Honorables sénateurs, hier, j’ai eu le privilège d’assister à un événement tenu à l’Hôpital général de Toronto à l’occasion de la Journée mondiale de la sensibilisation à la drépanocytose. J’ai été ravie de revoir de nombreuses personnes que j’avais déjà rencontrées lors d’activités de sensibilisation à la drépanocytose organisées sur la Colline du Parlement. Ce fut un honneur de rencontrer les médecins et les membres du personnel infirmier et médical qui ne ménagent aucun effort pour soutenir les personnes atteintes de drépanocytose. Évidemment, les patients qui ont raconté ce que représente le fait d’être aux prises avec cette maladie ont été tout à fait remarquables.

J’ai discuté avec de jeunes femmes, comme Tanya, qui est maintenant infirmière, et Josephine, qui ont vécu toute leur vie avec la drépanocytose. Un autre patient, Sherman Moore, a parlé de ses expériences aux urgences, où il a dû attendre des heures avant d’être soigné, et ce, même s’il est possible d’apaiser la douleur plus efficacement avant qu’elle se manifeste. Il m’a confié que, selon lui, les personnes atteintes de drépanocytose devraient être traitées avec logique et compassion.

Honorables sénateurs, cela donnerait de la dignité aux patients, qui seraient alors mieux soignés, et ferait économiser beaucoup d’argent dans le système.

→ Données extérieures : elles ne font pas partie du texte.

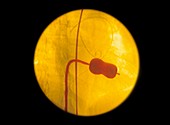 Heart valve balloon dilatation,X-ray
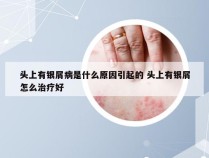 头上有银屑病是什么原因引起的 头上有银屑怎么治疗好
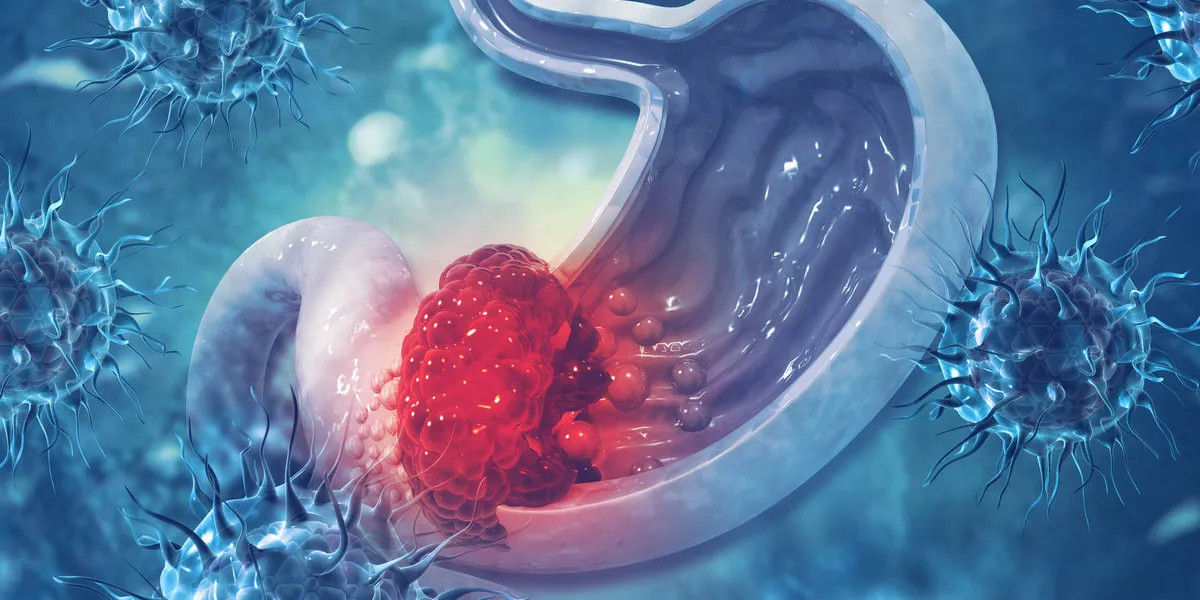 stomach cancer cancer attacking cell stomach disease concept 3d illustration stomach cancer cancer attacking cell stomach disease concept 3d illustration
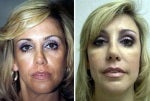 49 Year Old Before and After Fat Grafting and Sculptra to the Cheeks before 712603
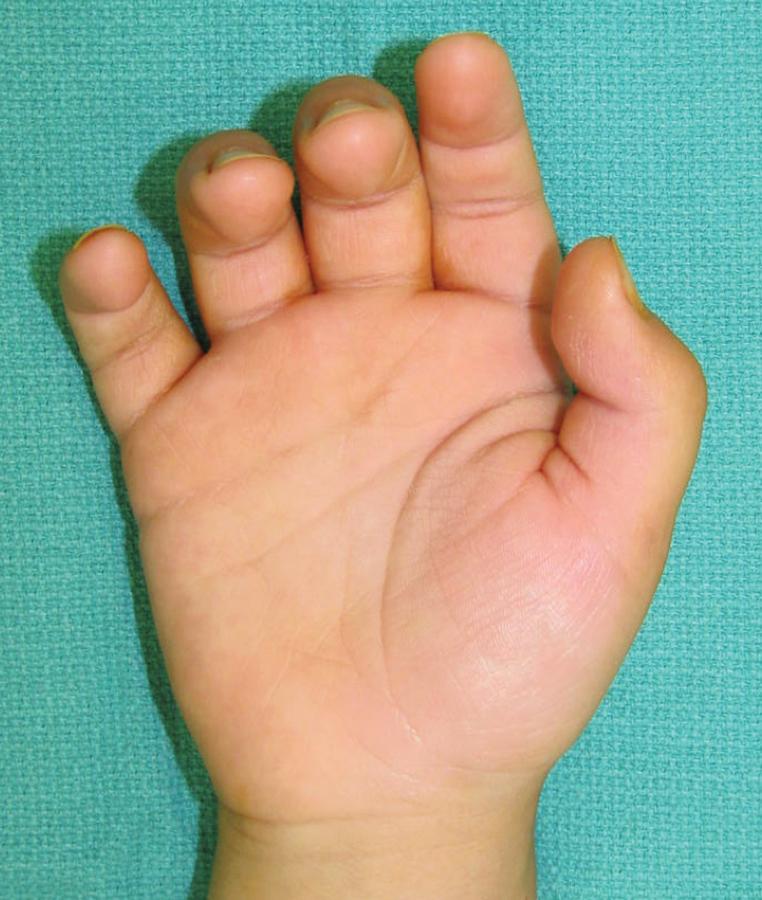 FIGURE 105.1, Trigger thumb with IP joint flexion. IP , Interphalangeal.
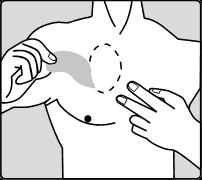 Mano che pizzica la pelle sul fianco con due dita, formando una piega, con un piccolo cerchio tratteggiato che indica il punto di iniezione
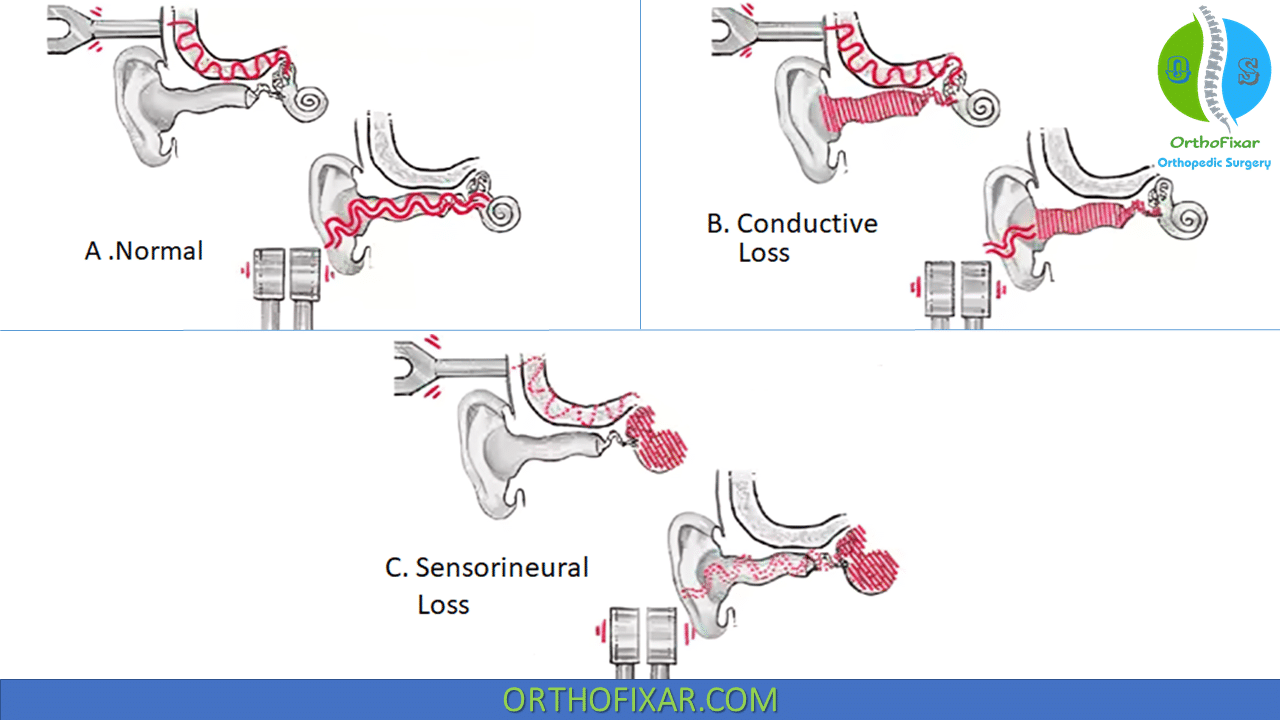 Rinne Test Interpretation For Conductive Hearing Loss OrthoFixar 2024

Pendant mon passage à Toronto, j’ai aussi eu l’occasion de visiter la clinique de la drépanocytose et de la thalassémie à l’Hôpital général de Toronto. La clinique traite plus de 700 patients atteints de drépanocytose, dont un grand nombre s’y rendent régulièrement pour recevoir une transfusion sanguine. Le Dr Jacob Pendergrast et son équipe excellent dans l’art de soigner les patients.

Honorables sénateurs, j’ai vécu hier une journée exceptionnelle. J’ai eu le privilège de rencontrer des patients atteints de drépanocytose et leur famille et de voir l’excellent travail qui se fait à la clinique de la drépanocytose. Je suis ravie d’avoir eu la chance de visiter la clinique et de m’entretenir avec de nombreux intervenants et patients.

Nous savons que les dons de sang peuvent sauver la vie à de nombreuses personnes atteintes de différentes maladies et dans des situations d’urgence. Les personnes atteintes de drépanocytose, quant à elles, ont fréquemment besoin de transfusions sanguines. Un des thèmes de l’activité d’hier était l’importance de donner du sang. Les dons de sang peuvent améliorer la qualité de vie des personnes atteintes de drépanocytose et, bien entendu, sauvent des vies.

Honorables sénateurs, hier soir, pour la toute première fois, la tour du CN était illuminée en rouge et blanc pour souligner la Journée mondiale de la sensibilisation à la drépanocytose. C’était très spécial. J’aimerais remercier Lanre Tunji-Ajayi, présidente et directrice générale de l’Association d’anémie falciforme du Canada. Elle a été décrite hier comme une personne absolument géniale, et c’est un qualificatif tout à fait approprié.

Honorables sénateurs, il est important que nous continuions de parler de la drépanocytose.